Wynonna Earp is a flawed woman. She is a socially uncouth and she uses alcohol and sex to cope with her problems. But she is unapologetic about her flaws. She doesn’t try to hide them or make excuses for them or justify them. She takes on this “What you see is what you get” air that has women worldwide feeling inspired.
Baring witness to the phenomenon that is Wonder Woman was a treat, seeing a female superhero grace the silver screen and inspire women young and old to be strong and brave. But Wonder Woman herself seemed little more than a symbol. While she represented powerful women and was one herself, other than her naivete about the nature of mankind, she didn’t have any flaws. This sort of fearless, idealistic hero, while inspiring in the big picture, does less to reach us mortal women that have social dysfunction and struggle with emotional strife.
Wynonna Earp, on the other hand, takes on that emotional strife with a lack of grace that is awe-inspiring. Most of us can relate to Wynonna because we have all been there. We have been challenged, and we have handled things in ways we aren’t proud of and nevertheless come out on the other side. Wynonna is a reminder to us that perfection doesn’t make us great. What makes us great is staying true to ourselves and our families (and in typical Wynonna Earp fashion, we do not define family with blood but connection). Wyonna reminds us that it is ok that we are flawed. It’s how we handle it that matters.

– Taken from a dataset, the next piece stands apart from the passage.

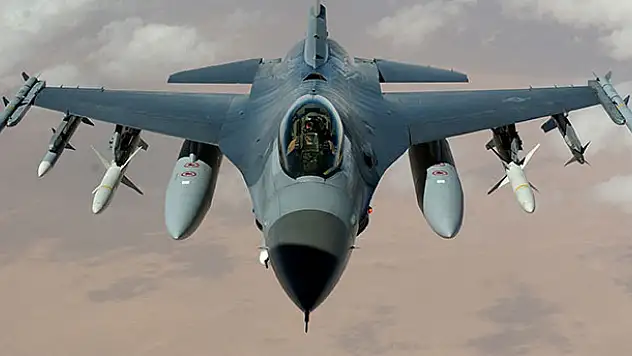 F-16'lar için imzalar atıldı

Season 2 of Wynonna Earp is a little past its halfway point in airing. Fans were recently treated to a surprise when they discovered, along with Wynonna herself, that she was pregnant. Showrunner Emily Andras opted to write actress Melanie Scrofano’s real-life pregnancy into the show. Women are now being introduced to a superhero the likes of which have yet to grace the screen: a pregnant superhero. And we see Wynonna go through all of the fears and changes that impending motherhood can bring all while slinging her fancy gun and kicking the butts of that which goes bump in the night. Wynonna Earp is challenging us to see pregnancy as a superpower, not a disability. She may be dealing with yogurt cravings and cankles, but she isn’t backing down.

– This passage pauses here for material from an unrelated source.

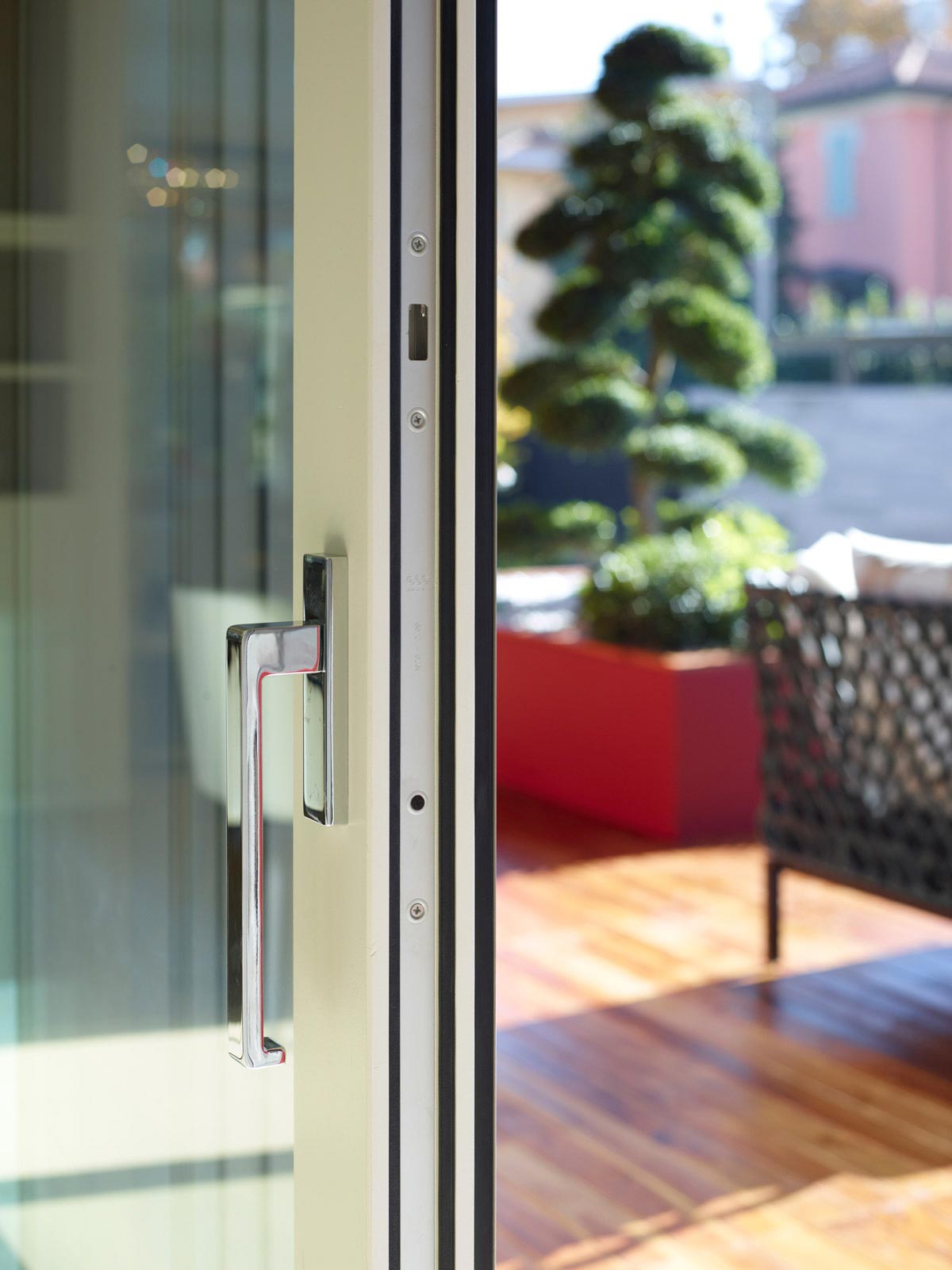 双层别墅“Villa Modena” 代简约风格融合自然光线-7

Wyonna Earp is the female superhero of our age, not just because she kicks ass but because she does it all while being imperfectly human. She is what we all could be. We don’t necessarily overcome our dysfunctions but rather, we push on despite them. We accept who we are, where we are. We cry when things aren’t fair, and then we move on. This is what Wynonna Earp teaches us and why she is not just a superhero but our superhero.